Segment Start: RECORDS

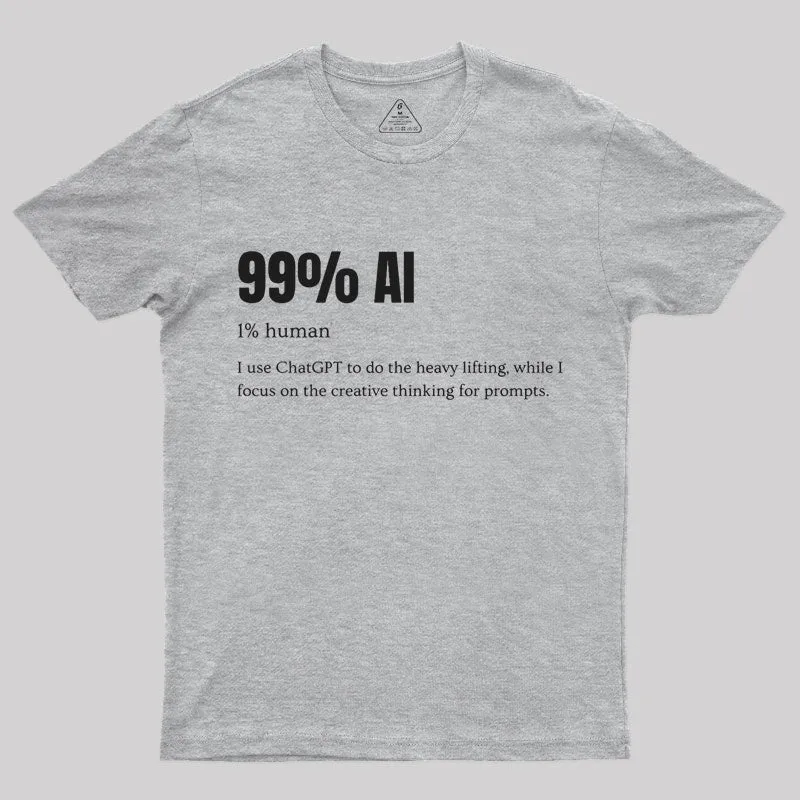 99% AI T-Shirt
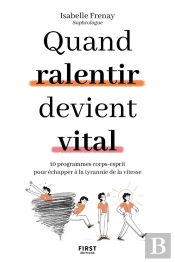 Quand Ralentir Devient Vital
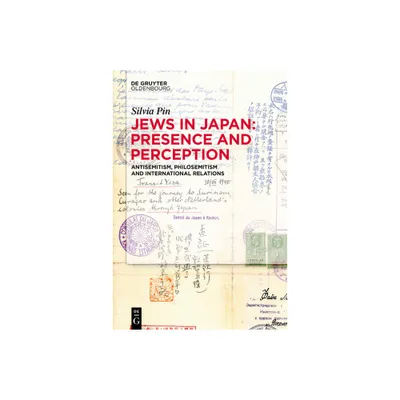 Jews in Japan: Presence and Perception - by Silvia Pin (Hardcover)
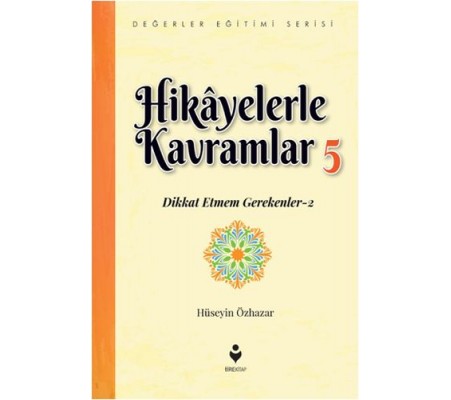 Hikayelerle Kavramlar 5 - Dikkat Etmem Gerekenler 2 Hikayelerle Kavramlar 5 - Dikkat Etmem Gerekenler 2
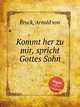 Kommt her zu mir, spricht Gottes Sohn, Bruck, Arnold von 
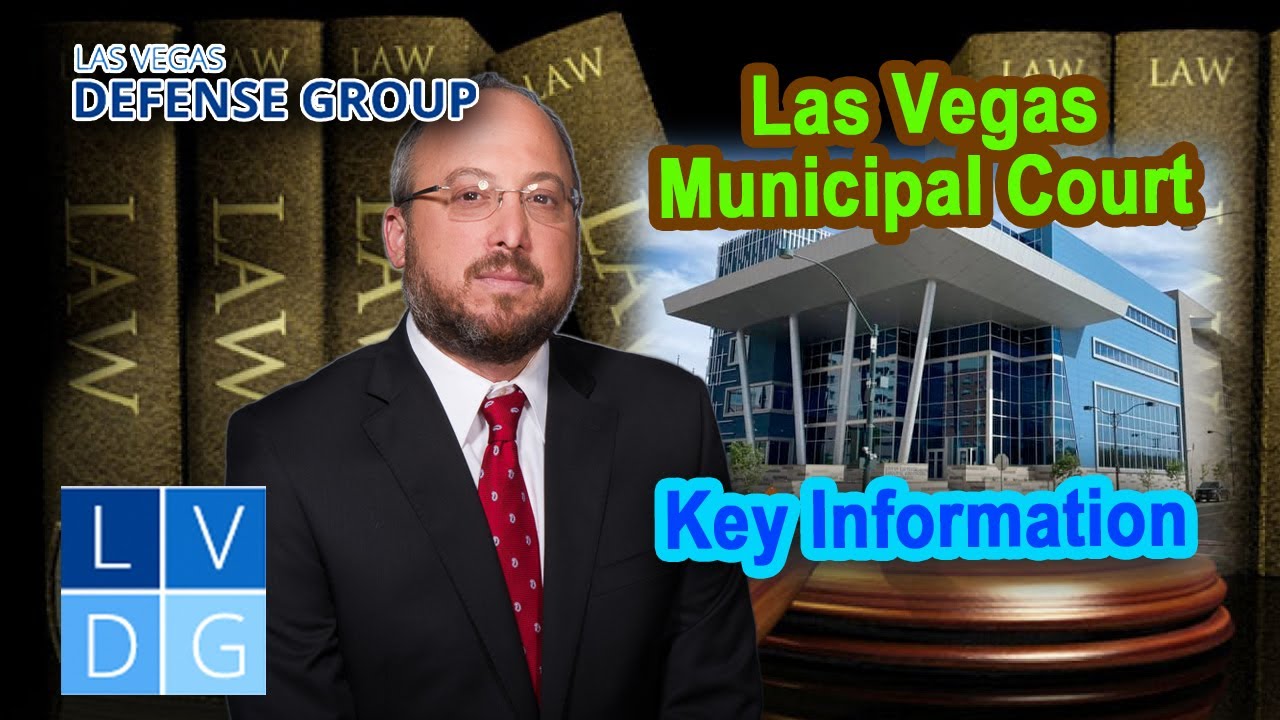 Las Vegas Municipal Court -- Key Information You Need to Know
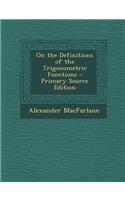 On the Definitions of the Trigonometric Functions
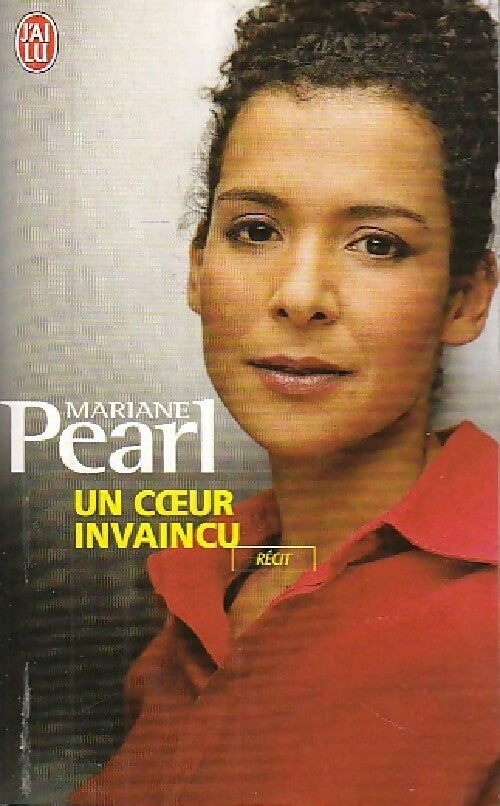 Livrenpoche : Un coeur invaincu. La vie et la mort courageuses de mon mari Daniel Pearl - Mariane Pearl - Livre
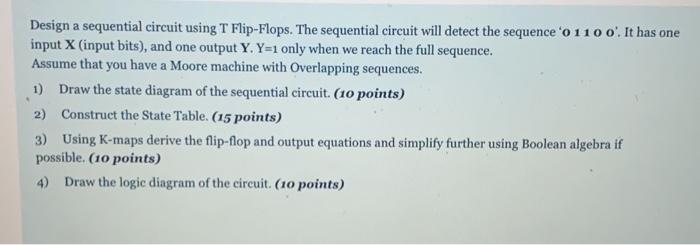 Solved Design a sequential circuit using T Flip-Flops. The | Chegg.com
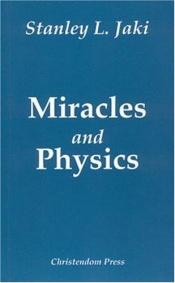 book cover of Miracles & Physics by Stanley Jaki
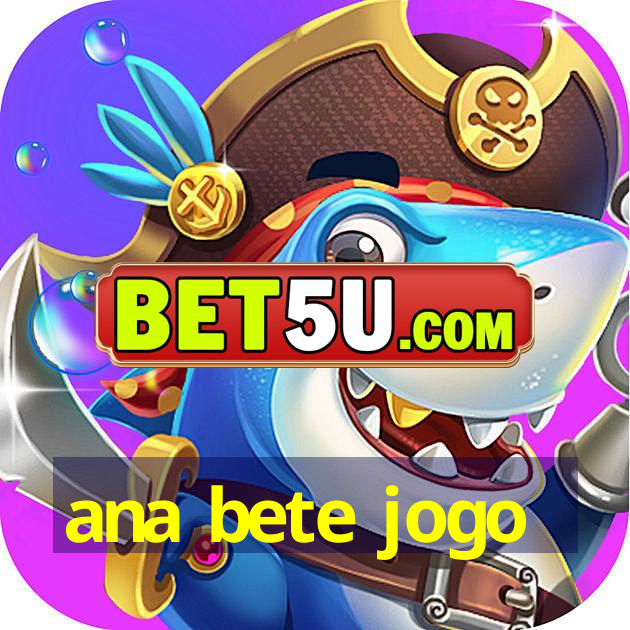 ana bete jogo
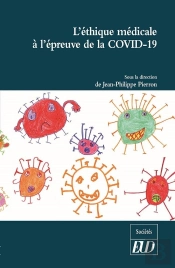 L'Éthique Médicale À L'Épreuve De La Covid-19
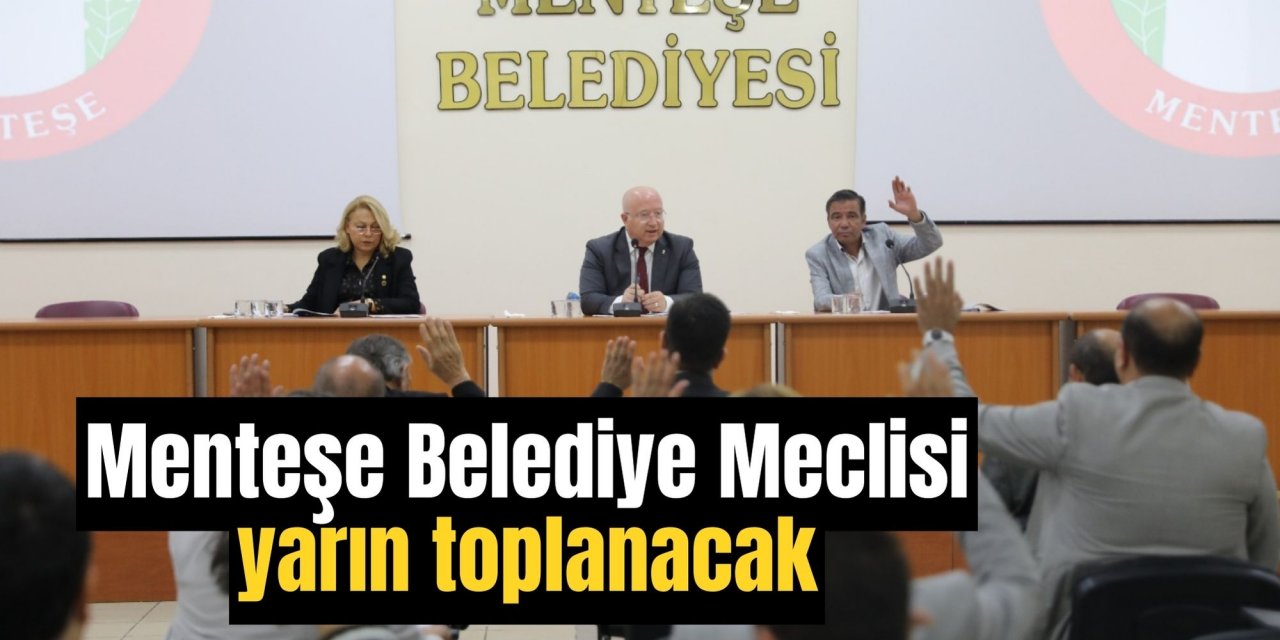 Menteşe Belediye Meclisi yarın toplanacak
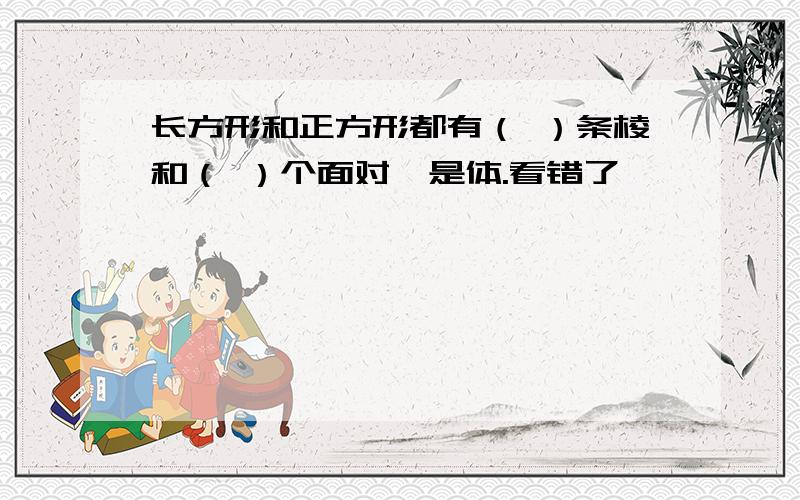 长方形和正方形都有（ ）条棱和（ ）个面对,是体.看错了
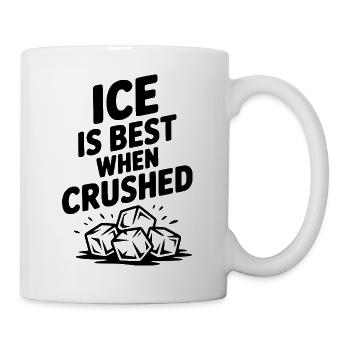 Best When Crushed - Mug - white - Right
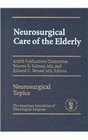 Neurosurgical Care of The Elderly
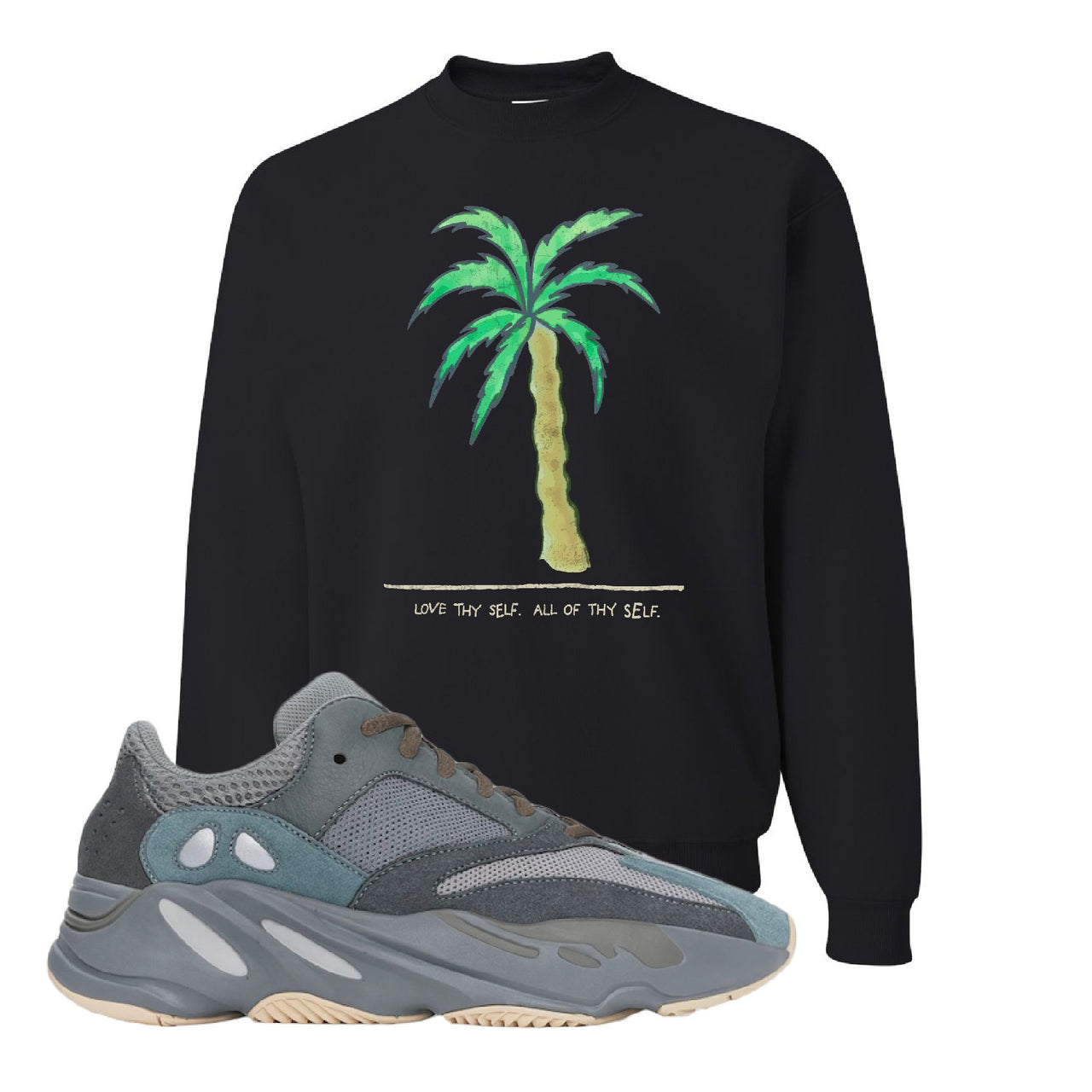 Yeezy Boost 700 Teal Blue Love Thyself Palm Black Sneaker Hook Up Crewneck Sweatshirt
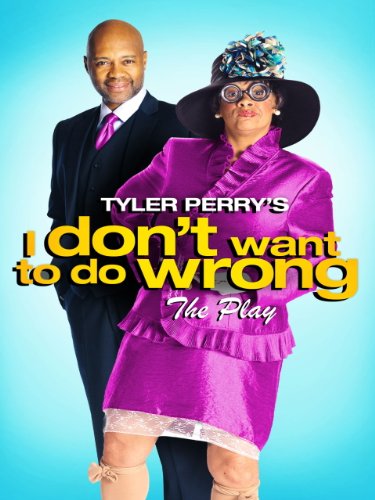 Tyler Perry's I Don't Want To Do Wrong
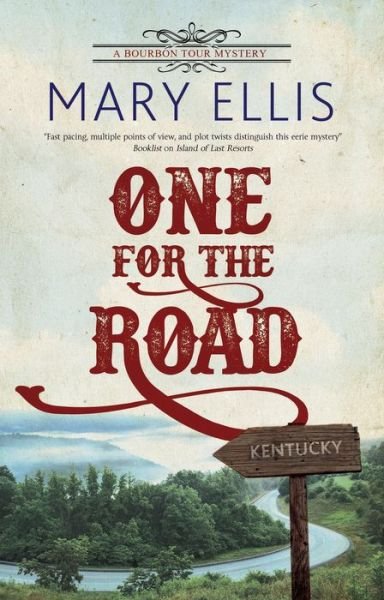 Cover for Mary Ellis · One for the Road - A Bourbon Tour mystery (Innbunden bok) [Main edition] (2020)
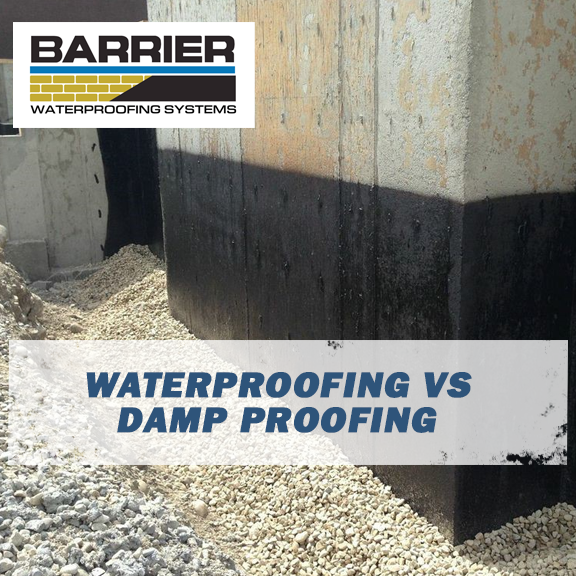 Waterproofing vs Damp Proofing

Segment End: RECORDS

Leaving the pictures out, set down exactly the lines from the one with "Solved Design a" through the end of the records.

 Solved Design a sequential circuit using T Flip-Flops. The | Chegg.com
 book cover of Miracles & Physics by Stanley Jaki
 ana bete jogo
 L'Éthique Médicale À L'Épreuve De La Covid-19
 Menteşe Belediye Meclisi yarın toplanacak
 长方形和正方形都有（ ）条棱和（ ）个面对,是体.看错了
 Best When Crushed - Mug - white - Right
 Neurosurgical Care of The Elderly
 Yeezy Boost 700 Teal Blue Love Thyself Palm Black Sneaker Hook Up Crewneck Sweatshirt
 Tyler Perry's I Don't Want To Do Wrong
 Cover for Mary Ellis · One for the Road - A Bourbon Tour mystery (Innbunden bok) [Main edition] (2020)
 Waterproofing vs Damp Proofing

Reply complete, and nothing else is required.